CUD-Traffic-AI / README.md
rajvivan's picture
Update README.md
cbc3062 verified
metadata
title: CUD Traffic AI
emoji: 🚦
colorFrom: yellow
colorTo: red
sdk: docker
app_port: 7860
pinned: false

CUD - AAI - Midterm Project - Traffic Incident Summarization

This repo compares extractive and abstractive summarization methods for traffic incident reports and ships with a polished React + FastAPI demo.

What is included

  • U.S. Accidents ingestion with automatic Kaggle download support
  • GCC regional track with bundled Dubai, Abu Dhabi, and UAE federal sample datasets
  • Rule-based GCC narrative generation so structured GCC records become natural-language incident reports
  • Baselines: Lead-1 and TextRank
  • Abstractive models: BART, Flan-T5, optional PEGASUS
  • Evaluation pipeline, notebooks, LaTeX paper draft, poster content, and a demo UI

GCC data note

The repo now includes official source references for Dubai Pulse, Abu Dhabi Open Data, and UAE federal traffic statistics, along with normalized bundled sample files so the project runs immediately offline. This is the practical compromise because public GCC portals often expose structured records, JavaScript-only dashboards, or gated exports rather than ready-to-bundle narrative text.

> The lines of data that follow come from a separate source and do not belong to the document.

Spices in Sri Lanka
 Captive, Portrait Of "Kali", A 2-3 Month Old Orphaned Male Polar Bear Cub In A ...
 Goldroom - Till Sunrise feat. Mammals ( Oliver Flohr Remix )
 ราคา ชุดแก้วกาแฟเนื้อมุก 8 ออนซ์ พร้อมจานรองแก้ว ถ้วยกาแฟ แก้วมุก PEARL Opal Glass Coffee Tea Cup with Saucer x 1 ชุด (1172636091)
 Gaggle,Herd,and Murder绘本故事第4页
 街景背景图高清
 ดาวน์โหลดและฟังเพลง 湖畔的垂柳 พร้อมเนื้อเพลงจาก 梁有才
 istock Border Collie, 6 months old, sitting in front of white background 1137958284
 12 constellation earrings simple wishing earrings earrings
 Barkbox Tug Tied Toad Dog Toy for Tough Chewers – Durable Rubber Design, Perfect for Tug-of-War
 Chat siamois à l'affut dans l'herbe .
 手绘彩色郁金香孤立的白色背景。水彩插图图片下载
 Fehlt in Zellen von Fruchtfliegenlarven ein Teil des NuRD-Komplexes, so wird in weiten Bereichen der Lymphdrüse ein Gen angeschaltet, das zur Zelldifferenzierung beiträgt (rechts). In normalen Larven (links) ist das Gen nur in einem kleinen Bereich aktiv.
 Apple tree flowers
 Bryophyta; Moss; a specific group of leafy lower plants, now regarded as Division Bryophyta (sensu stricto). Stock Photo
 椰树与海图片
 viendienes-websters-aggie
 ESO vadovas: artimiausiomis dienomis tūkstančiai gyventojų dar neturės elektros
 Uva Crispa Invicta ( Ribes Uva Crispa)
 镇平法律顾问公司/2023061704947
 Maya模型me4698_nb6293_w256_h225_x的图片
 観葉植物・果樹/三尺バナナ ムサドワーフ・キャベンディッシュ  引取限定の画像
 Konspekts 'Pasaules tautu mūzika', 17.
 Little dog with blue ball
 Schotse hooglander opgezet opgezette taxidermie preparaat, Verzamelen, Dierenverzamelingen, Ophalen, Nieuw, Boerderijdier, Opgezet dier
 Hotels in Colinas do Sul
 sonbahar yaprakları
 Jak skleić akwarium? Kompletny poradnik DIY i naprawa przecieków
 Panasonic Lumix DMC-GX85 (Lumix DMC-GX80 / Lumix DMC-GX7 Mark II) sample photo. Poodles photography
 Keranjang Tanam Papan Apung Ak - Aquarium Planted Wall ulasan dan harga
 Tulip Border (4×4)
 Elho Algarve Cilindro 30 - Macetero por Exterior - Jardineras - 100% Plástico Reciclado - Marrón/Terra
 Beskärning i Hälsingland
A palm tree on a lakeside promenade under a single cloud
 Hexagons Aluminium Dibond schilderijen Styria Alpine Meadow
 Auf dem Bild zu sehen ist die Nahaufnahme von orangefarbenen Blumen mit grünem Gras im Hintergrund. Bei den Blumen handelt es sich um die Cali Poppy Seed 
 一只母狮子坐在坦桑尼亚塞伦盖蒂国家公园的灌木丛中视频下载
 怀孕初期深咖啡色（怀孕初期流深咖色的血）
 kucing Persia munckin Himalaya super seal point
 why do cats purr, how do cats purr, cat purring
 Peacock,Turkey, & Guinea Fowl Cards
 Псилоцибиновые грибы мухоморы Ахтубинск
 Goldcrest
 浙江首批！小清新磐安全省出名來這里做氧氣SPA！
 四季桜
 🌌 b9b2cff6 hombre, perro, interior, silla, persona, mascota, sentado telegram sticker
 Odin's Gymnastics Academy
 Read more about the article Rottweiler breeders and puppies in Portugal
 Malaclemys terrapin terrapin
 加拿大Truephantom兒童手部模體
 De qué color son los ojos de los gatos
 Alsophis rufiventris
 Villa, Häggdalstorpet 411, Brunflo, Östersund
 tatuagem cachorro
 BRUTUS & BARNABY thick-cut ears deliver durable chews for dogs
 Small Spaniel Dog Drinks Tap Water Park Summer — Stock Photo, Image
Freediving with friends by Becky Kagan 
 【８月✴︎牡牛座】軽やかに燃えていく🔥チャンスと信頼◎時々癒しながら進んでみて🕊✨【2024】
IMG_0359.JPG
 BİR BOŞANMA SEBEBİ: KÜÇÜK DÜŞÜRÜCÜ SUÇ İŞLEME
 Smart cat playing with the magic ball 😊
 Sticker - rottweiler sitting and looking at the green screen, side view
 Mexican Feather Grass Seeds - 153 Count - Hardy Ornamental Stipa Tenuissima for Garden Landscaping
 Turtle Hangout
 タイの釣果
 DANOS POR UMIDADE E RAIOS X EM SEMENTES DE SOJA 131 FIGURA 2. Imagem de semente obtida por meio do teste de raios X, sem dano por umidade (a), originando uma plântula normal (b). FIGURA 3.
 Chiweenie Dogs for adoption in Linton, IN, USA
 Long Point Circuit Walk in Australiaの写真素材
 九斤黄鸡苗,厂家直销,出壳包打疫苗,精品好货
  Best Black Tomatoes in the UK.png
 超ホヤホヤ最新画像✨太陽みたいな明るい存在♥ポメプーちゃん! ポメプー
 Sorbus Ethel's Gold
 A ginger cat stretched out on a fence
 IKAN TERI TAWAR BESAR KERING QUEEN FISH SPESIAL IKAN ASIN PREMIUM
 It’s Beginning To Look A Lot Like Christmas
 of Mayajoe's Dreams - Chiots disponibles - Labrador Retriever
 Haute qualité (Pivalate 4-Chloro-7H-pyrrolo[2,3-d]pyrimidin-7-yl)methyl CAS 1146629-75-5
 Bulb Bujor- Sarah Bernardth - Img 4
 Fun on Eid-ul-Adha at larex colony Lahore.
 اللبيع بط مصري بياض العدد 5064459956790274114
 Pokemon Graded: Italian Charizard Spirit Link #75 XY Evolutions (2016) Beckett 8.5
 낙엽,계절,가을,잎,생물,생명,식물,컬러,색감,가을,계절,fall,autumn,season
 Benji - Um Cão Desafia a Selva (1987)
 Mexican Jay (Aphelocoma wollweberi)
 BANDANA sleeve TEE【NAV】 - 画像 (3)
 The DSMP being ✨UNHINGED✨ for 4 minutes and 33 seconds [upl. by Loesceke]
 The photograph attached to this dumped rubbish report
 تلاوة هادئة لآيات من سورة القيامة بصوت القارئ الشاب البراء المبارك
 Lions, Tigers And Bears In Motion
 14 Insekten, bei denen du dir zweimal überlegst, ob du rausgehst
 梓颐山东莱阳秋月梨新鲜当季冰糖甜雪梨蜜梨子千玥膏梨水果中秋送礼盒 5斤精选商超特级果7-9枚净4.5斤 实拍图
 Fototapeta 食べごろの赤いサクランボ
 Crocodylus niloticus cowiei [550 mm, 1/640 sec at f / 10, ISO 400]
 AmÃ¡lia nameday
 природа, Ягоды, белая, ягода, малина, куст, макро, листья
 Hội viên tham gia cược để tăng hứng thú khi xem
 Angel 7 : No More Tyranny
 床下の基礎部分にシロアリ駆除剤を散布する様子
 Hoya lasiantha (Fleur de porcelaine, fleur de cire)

In the paper, describe the GCC track like this:

Structured GCC traffic records were normalized into a common schema and converted into operator-style narrative incident descriptions using a rule-based text generator. Official source references were retained for provenance, while bundled sample extracts were used to make the demo reproducible offline.

Quick start

1. Python environment

python -m venv .venv
source .venv/bin/activate
pip install -r requirements.txt

2. Prepare data

python -m src.cli.run_prepare --source both

Behavior:

  • If data/raw/US_Accidents_March23.csv is missing, the script attempts Kaggle download.
  • GCC sample sources are already bundled.
  • A combined corpus is written to data/interim/combined_incident_corpus.csv.

3. Start backend

uvicorn backend.main:app --reload --port 8000

4. Start frontend

cd frontend
npm install
npm run dev

Demo features

  • Beautiful hero dashboard for screenshots
  • Dataset track toggle: US or GCC
  • Sample incident picker
  • Summarize and compare endpoints
  • Copy and download summary cards
  • Batch CSV upload preview

Important paths

  • data/raw/gcc/source_manifest.csv
  • data/interim/gcc_narratives.csv
  • docs/paper/main.tex
  • docs/poster/poster_content.md